Watch: Tourists flee as Mt Etna erupts

Red alert issued for aviation but Catania airport remains open

Updated 8.15pm

A powerful explosion on Sicily's Mount Etna sent tourists fleeing on Monday, but there were no immediate reports of anyone having been injured.

The explosion of Europe's most active volcano happened just after midday, spewing debris and smoke high into the air and dangerous pyroclastic flows down the mountain.

The president of the region of Sicily, Renato Schifani, said experts had assured him there was "no danger for the population", with the flow not having passed the Valley of the Lions, an area frequented by tourists.

The smoke could also be seen from Malta.
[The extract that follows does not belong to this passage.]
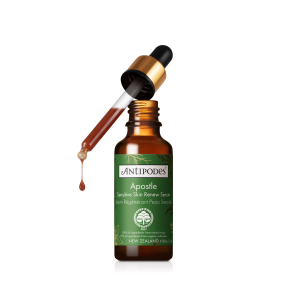 Antipodes   Apostle Sensitive Skin Renew Serum 30ml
Photographer Daniel Cilia captured the towering eruption plume from Naxxar almost an hour an half after the event.

"The partial collapse of the Southeast Crater, which generated an impressive eruptive cloud several kilometers high and a pyroclastic flow, is a phenomenon that we follow with extreme caution," Schifani said.

The head of the regional civil protection unit, Salvo Cocina, recommended that tourists avoid the area "in consideration of the potential evolution of the phenomenon". 

Italy's National Institute of Geophysics and Volcanology had a few hours previously noted a series of strombolian explosions of growing intensity.

A red alert issued for aviation authorities said the height of the volcanic cloud was estimated at 6.5 kilometres. The nearby Catania airport remained open.